__Assignment__. Going down the data below, set down exactly the line with "Autumn Woodland Cat" and each line after it through the line with "pyrenex-attitude-parka-courte-duvet-femme-bleu-turquoise image 2"; no other lines.

__Recorded data__.

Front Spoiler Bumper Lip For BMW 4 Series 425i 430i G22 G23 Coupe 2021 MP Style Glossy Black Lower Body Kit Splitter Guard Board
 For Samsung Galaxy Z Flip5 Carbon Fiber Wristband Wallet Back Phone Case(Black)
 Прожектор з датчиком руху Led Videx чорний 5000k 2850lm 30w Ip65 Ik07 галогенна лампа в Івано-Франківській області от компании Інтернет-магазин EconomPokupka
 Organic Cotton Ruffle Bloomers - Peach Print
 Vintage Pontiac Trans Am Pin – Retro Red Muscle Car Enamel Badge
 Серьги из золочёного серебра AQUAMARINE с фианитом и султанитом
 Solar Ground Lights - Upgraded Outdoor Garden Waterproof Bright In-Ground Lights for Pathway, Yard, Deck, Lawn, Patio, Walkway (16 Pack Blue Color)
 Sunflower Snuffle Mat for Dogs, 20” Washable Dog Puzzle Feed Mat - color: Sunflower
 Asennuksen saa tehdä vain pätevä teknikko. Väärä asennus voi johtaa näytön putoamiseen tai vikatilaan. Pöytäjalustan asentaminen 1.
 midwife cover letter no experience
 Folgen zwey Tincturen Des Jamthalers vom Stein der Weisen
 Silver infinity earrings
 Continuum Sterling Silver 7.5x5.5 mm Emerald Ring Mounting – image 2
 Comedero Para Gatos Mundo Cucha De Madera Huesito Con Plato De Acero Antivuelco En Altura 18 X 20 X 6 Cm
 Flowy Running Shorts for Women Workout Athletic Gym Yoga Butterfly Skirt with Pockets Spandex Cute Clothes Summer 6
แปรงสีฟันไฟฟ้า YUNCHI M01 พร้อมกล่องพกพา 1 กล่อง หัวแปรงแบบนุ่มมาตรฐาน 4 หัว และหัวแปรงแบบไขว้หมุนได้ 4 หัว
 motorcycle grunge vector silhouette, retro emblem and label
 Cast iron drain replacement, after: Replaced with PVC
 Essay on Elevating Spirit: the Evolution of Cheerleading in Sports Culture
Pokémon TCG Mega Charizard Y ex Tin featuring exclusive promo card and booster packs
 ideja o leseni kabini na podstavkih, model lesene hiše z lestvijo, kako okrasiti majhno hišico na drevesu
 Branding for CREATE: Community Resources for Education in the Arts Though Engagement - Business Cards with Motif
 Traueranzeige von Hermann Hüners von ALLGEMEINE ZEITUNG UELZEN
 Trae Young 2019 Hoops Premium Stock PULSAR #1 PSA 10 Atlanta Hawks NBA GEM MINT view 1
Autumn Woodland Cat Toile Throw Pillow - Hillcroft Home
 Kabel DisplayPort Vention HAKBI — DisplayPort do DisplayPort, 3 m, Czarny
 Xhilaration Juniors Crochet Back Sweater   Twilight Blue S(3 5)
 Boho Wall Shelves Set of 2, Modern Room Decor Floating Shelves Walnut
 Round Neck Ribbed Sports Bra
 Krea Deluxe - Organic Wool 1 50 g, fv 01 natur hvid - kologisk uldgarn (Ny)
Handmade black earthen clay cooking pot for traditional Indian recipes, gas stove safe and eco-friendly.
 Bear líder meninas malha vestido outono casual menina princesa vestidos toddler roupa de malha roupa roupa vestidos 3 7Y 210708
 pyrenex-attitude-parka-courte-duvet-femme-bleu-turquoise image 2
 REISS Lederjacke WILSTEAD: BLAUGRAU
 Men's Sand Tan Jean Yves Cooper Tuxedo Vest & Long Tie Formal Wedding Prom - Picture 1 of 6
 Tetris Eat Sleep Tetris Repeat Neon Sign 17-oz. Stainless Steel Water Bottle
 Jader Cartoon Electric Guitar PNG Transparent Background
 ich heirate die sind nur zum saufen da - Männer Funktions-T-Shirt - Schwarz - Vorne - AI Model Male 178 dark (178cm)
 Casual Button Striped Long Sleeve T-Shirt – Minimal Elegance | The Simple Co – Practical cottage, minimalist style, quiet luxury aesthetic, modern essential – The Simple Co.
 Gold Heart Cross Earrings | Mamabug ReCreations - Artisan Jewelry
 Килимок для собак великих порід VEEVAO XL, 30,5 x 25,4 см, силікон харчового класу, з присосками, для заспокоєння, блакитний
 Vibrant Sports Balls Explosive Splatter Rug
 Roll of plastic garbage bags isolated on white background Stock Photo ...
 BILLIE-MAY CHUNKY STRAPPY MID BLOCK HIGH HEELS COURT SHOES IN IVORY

__Answer section__.
Autumn Woodland Cat Toile Throw Pillow - Hillcroft Home
 Kabel DisplayPort Vention HAKBI — DisplayPort do DisplayPort, 3 m, Czarny
 Xhilaration Juniors Crochet Back Sweater   Twilight Blue S(3 5)
 Boho Wall Shelves Set of 2, Modern Room Decor Floating Shelves Walnut
 Round Neck Ribbed Sports Bra
 Krea Deluxe - Organic Wool 1 50 g, fv 01 natur hvid - kologisk uldgarn (Ny)
Handmade black earthen clay cooking pot for traditional Indian recipes, gas stove safe and eco-friendly.
 Bear líder meninas malha vestido outono casual menina princesa vestidos toddler roupa de malha roupa roupa vestidos 3 7Y 210708
 pyrenex-attitude-parka-courte-duvet-femme-bleu-turquoise image 2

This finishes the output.